MATERIAL FOR THE TASK: Begin

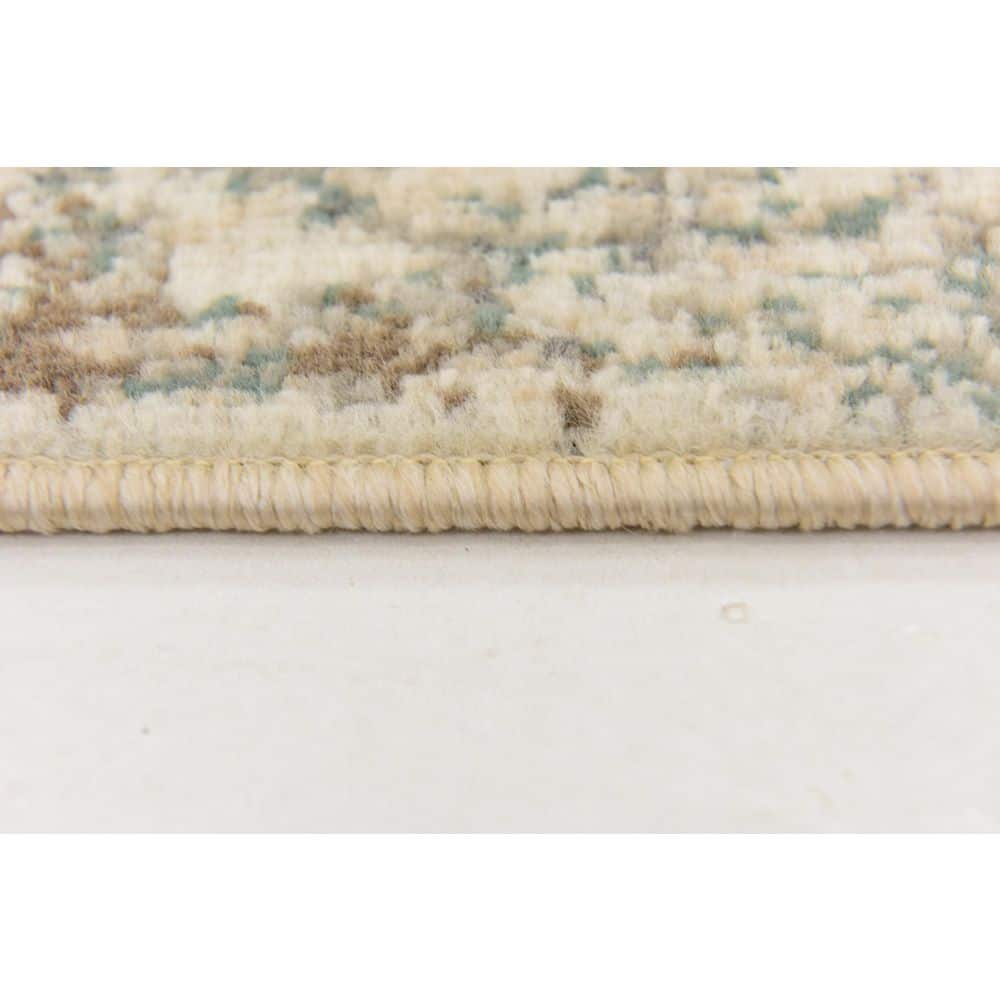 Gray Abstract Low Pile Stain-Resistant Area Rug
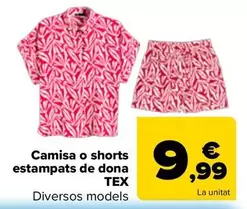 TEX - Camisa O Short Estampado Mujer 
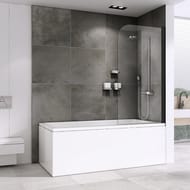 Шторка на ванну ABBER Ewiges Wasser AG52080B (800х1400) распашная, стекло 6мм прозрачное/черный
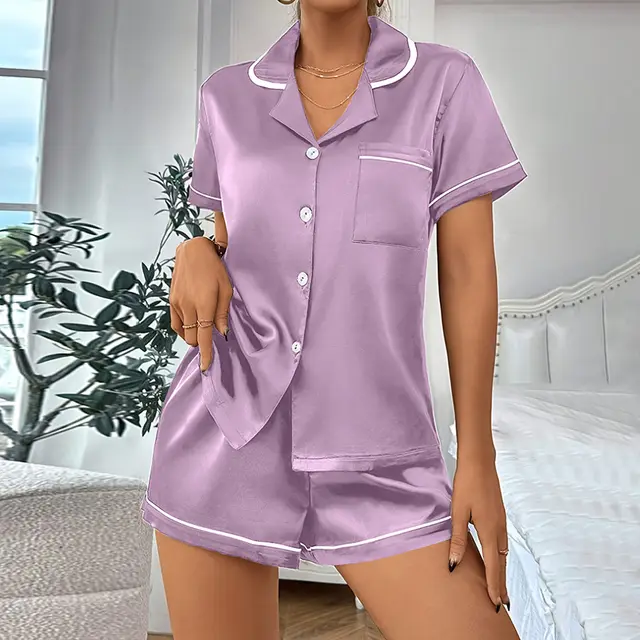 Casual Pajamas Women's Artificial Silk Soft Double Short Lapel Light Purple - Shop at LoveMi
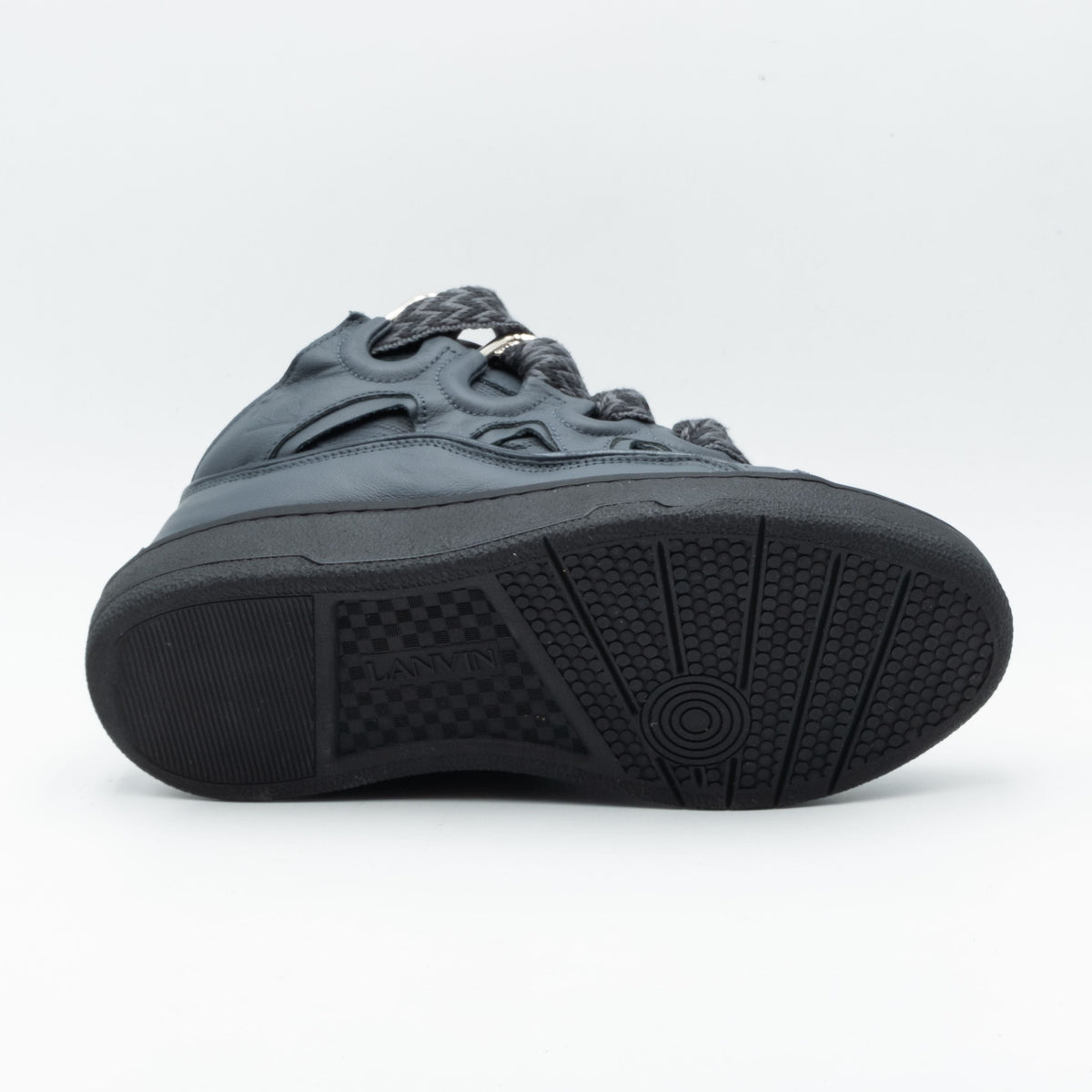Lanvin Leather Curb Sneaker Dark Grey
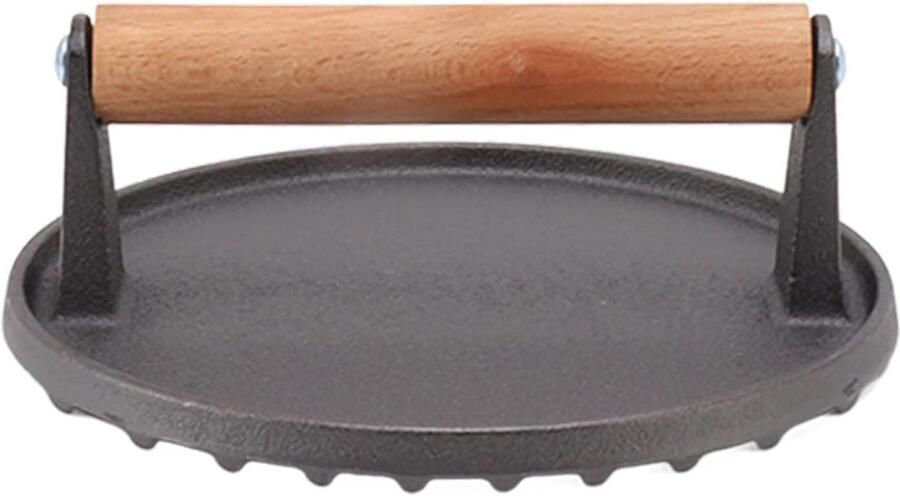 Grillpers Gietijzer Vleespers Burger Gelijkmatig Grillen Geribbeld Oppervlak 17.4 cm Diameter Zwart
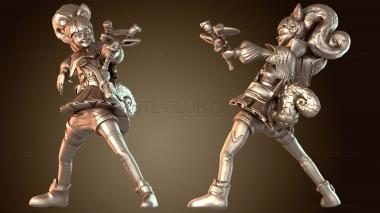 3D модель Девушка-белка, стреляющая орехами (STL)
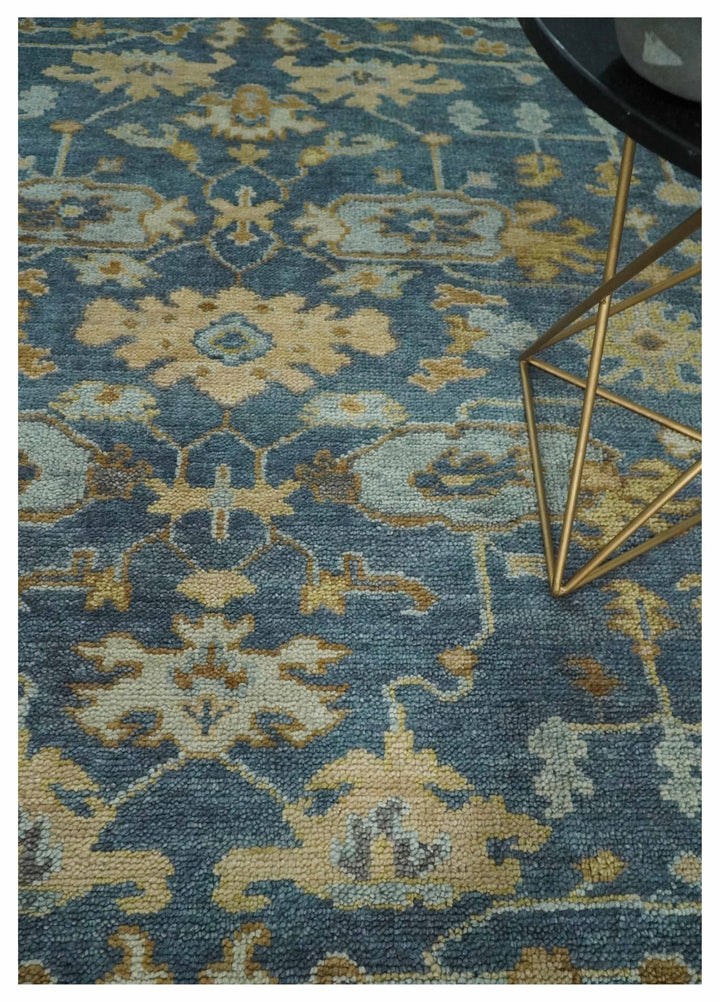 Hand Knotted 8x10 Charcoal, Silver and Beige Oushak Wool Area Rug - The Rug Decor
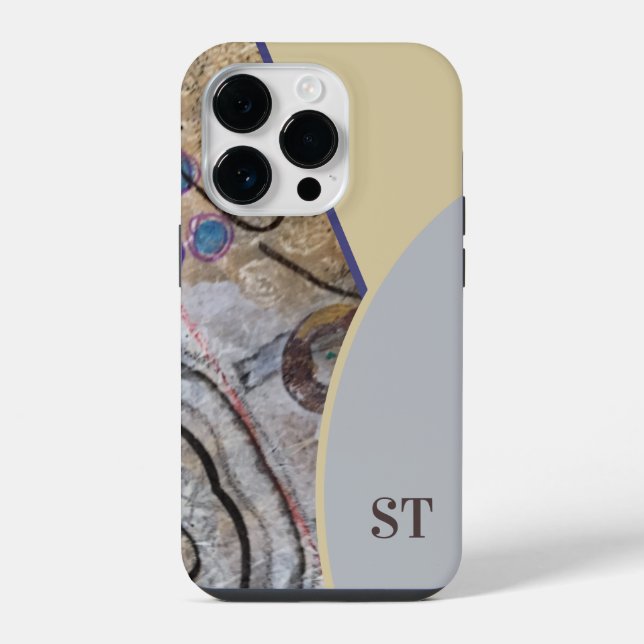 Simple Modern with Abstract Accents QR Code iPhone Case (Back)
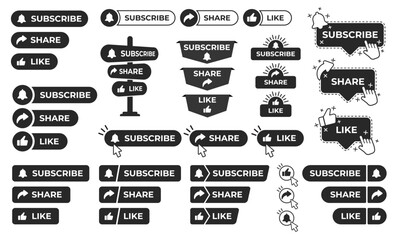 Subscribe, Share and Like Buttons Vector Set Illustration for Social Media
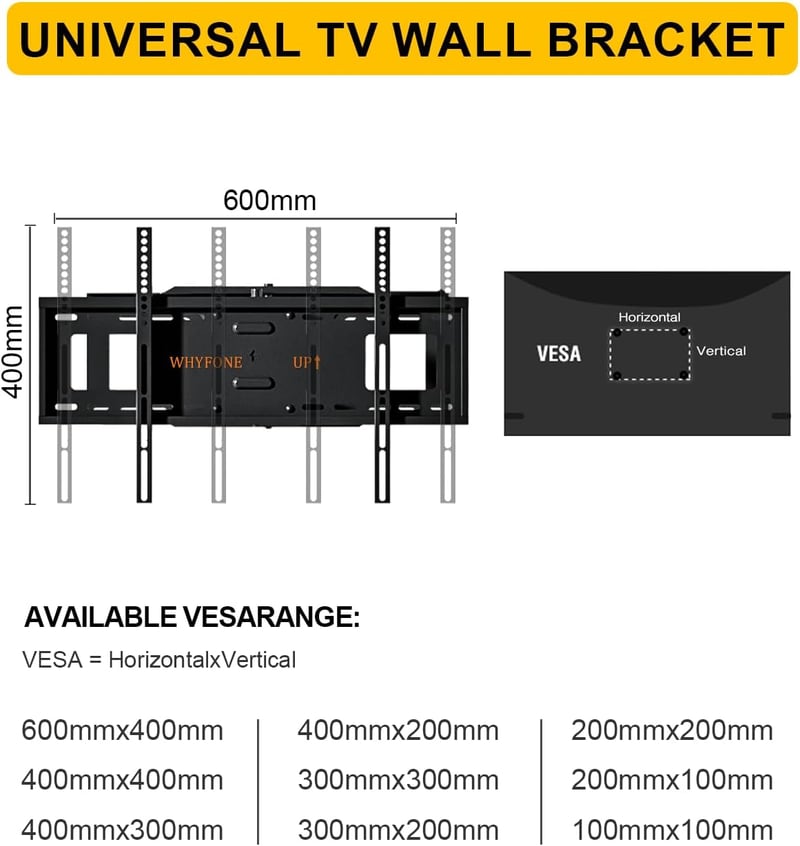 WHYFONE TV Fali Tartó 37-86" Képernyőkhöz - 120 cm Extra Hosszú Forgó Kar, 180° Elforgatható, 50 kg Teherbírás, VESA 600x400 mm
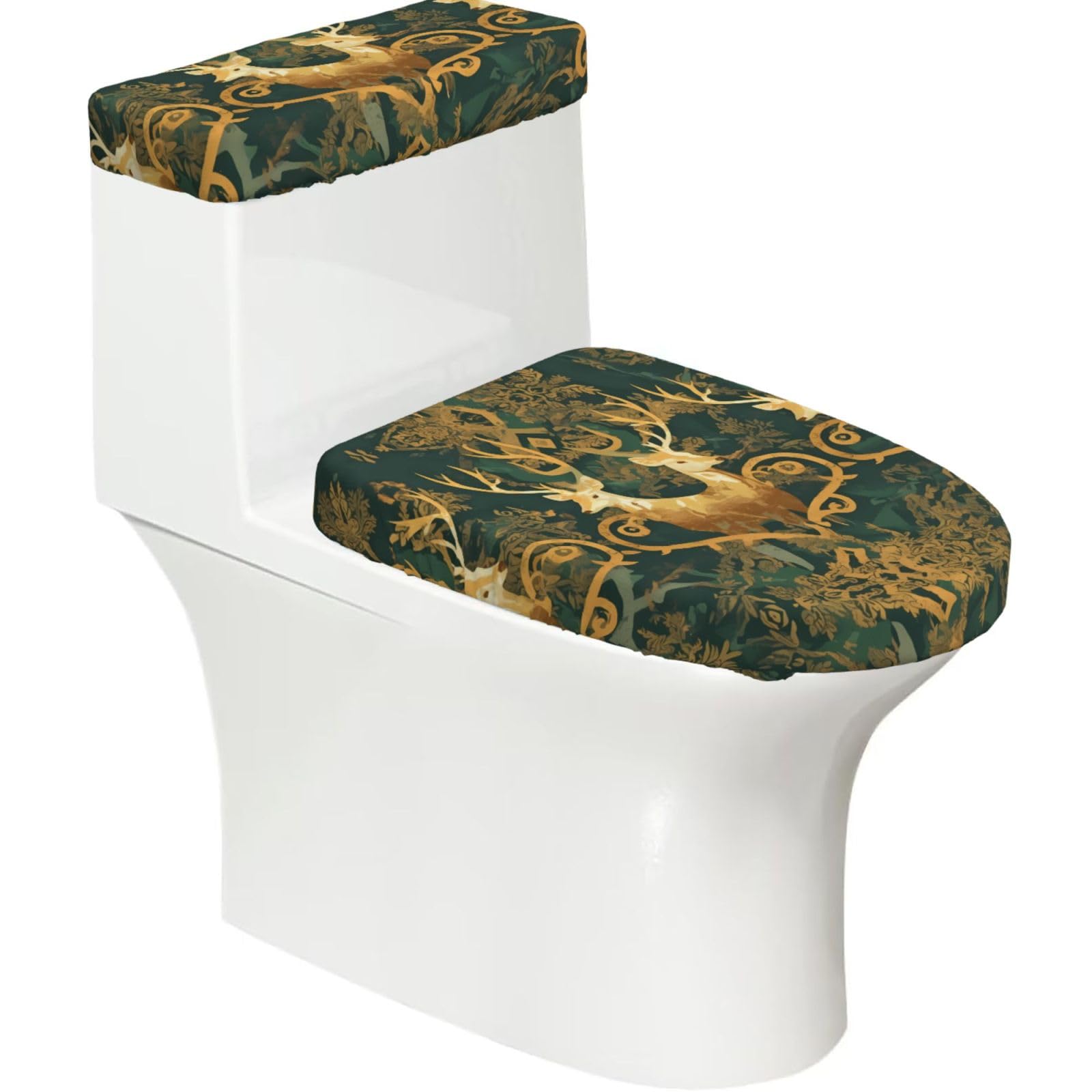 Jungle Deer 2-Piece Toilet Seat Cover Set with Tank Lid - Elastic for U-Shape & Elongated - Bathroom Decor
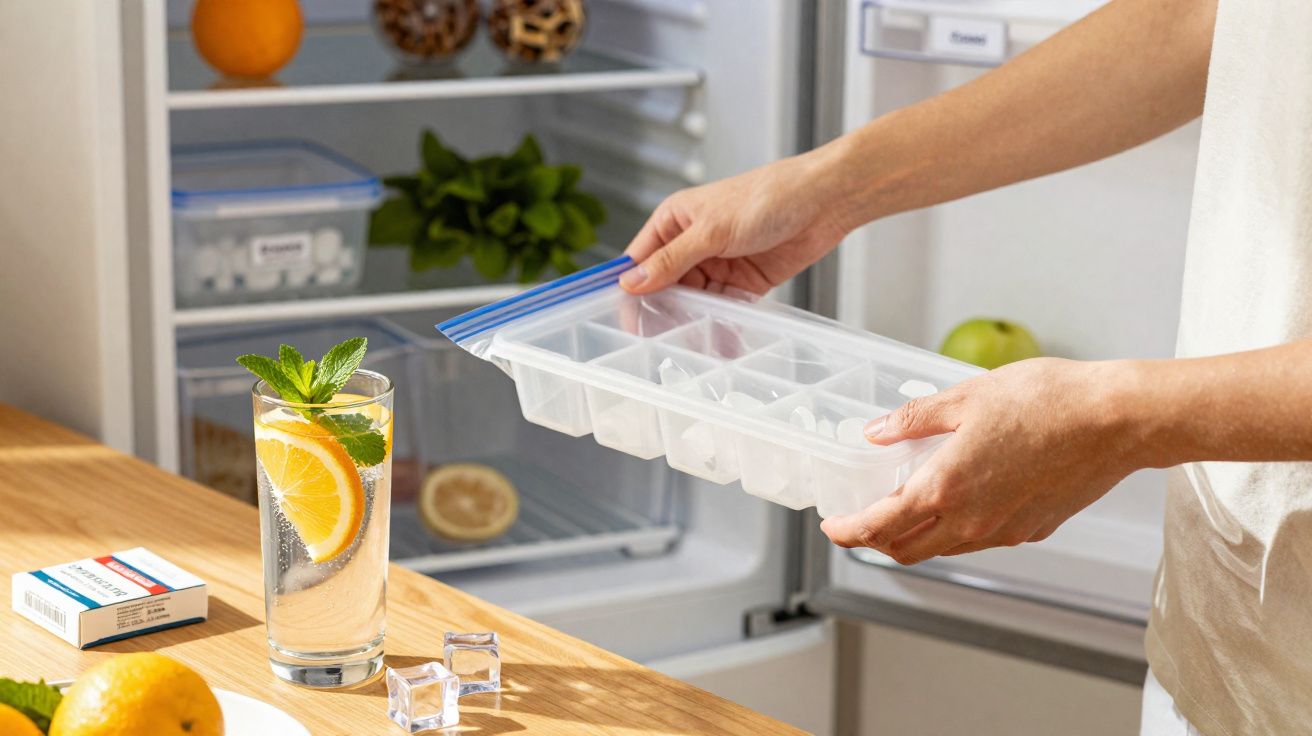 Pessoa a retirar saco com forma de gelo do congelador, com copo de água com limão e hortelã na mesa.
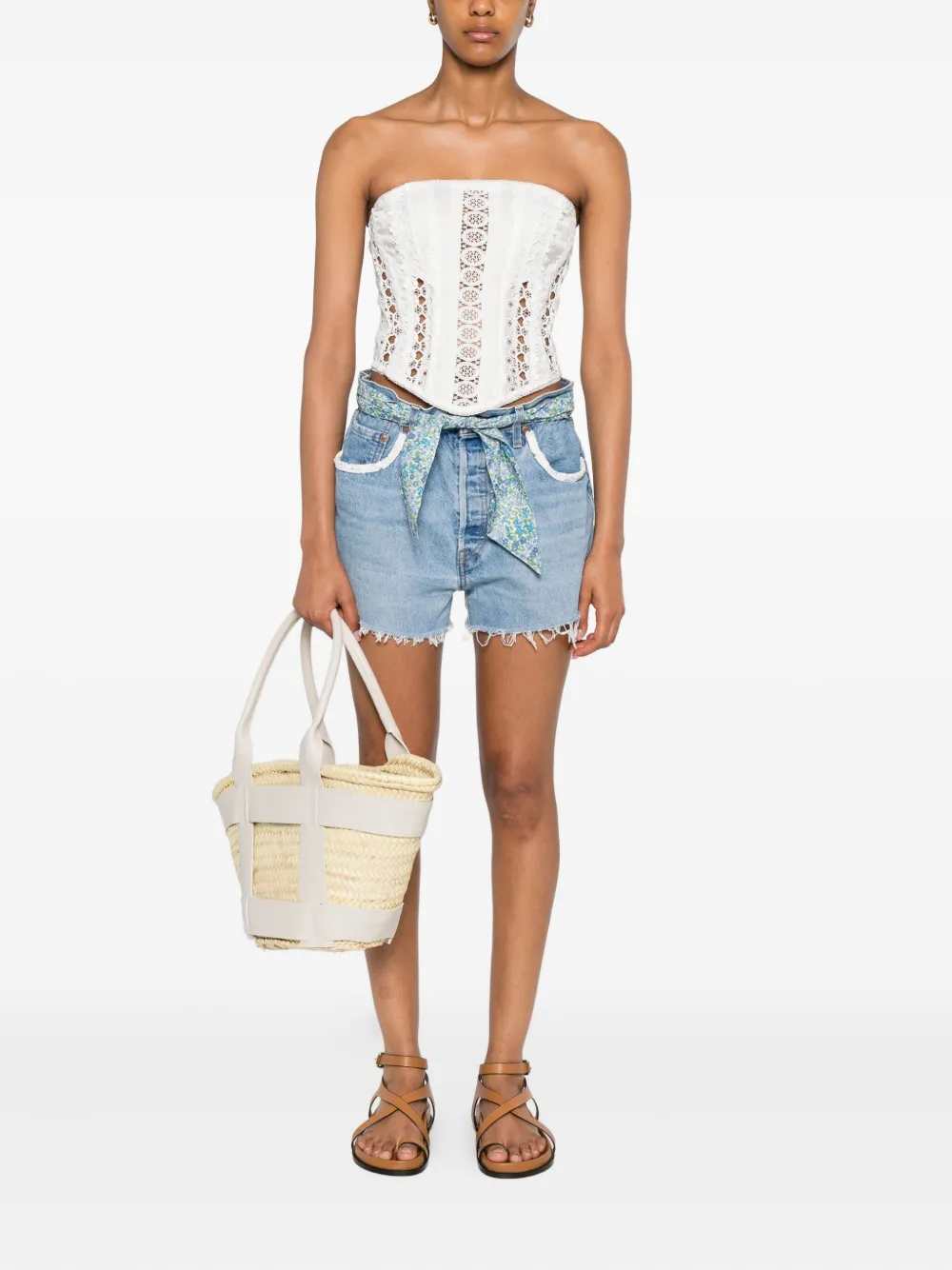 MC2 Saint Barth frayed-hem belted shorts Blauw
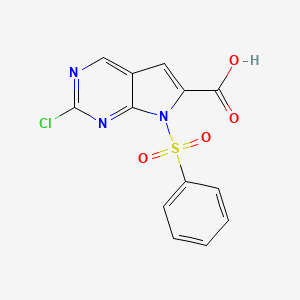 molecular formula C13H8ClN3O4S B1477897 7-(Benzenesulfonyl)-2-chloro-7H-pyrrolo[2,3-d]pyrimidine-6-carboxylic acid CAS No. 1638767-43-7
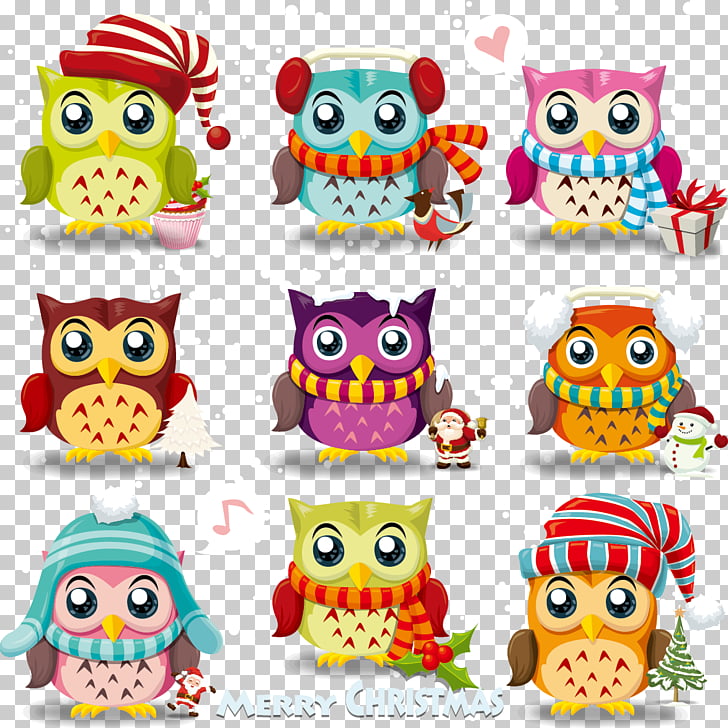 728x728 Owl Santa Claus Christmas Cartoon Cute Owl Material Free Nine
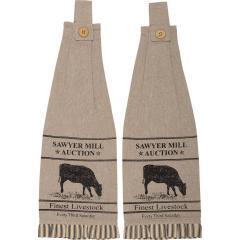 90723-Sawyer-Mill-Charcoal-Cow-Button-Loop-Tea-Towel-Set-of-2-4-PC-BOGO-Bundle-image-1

MATERIAL FOR THE TASK: End

- _TASK PROMPT_:
Exactly as they appear above, write out all the entries, but not the images.

- _YOUR SOLUTION_:
 Gray Abstract Low Pile Stain-Resistant Area Rug
 TEX - Camisa O Short Estampado Mujer 
 Шторка на ванну ABBER Ewiges Wasser AG52080B (800х1400) распашная, стекло 6мм прозрачное/черный
 Casual Pajamas Women's Artificial Silk Soft Double Short Lapel Light Purple - Shop at LoveMi
Lanvin Leather Curb Sneaker Dark Grey
 Grillpers Gietijzer Vleespers Burger Gelijkmatig Grillen Geribbeld Oppervlak 17.4 cm Diameter Zwart
 3D модель Девушка-белка, стреляющая орехами (STL)
 Hand Knotted 8x10 Charcoal, Silver and Beige Oushak Wool Area Rug - The Rug Decor
 Simple Modern with Abstract Accents QR Code iPhone Case (Back)
 Subscribe, Share and Like Buttons Vector Set Illustration for Social Media
 WHYFONE TV Fali Tartó 37-86" Képernyőkhöz - 120 cm Extra Hosszú Forgó Kar, 180° Elforgatható, 50 kg Teherbírás, VESA 600x400 mm
 Jungle Deer 2-Piece Toilet Seat Cover Set with Tank Lid - Elastic for U-Shape & Elongated - Bathroom Decor
 Pessoa a retirar saco com forma de gelo do congelador, com copo de água com limão e hortelã na mesa.
 MC2 Saint Barth frayed-hem belted shorts Blauw
 molecular formula C13H8ClN3O4S B1477897 7-(Benzenesulfonyl)-2-chloro-7H-pyrrolo[2,3-d]pyrimidine-6-carboxylic acid CAS No. 1638767-43-7
 728x728 Owl Santa Claus Christmas Cartoon Cute Owl Material Free Nine
 90723-Sawyer-Mill-Charcoal-Cow-Button-Loop-Tea-Towel-Set-of-2-4-PC-BOGO-Bundle-image-1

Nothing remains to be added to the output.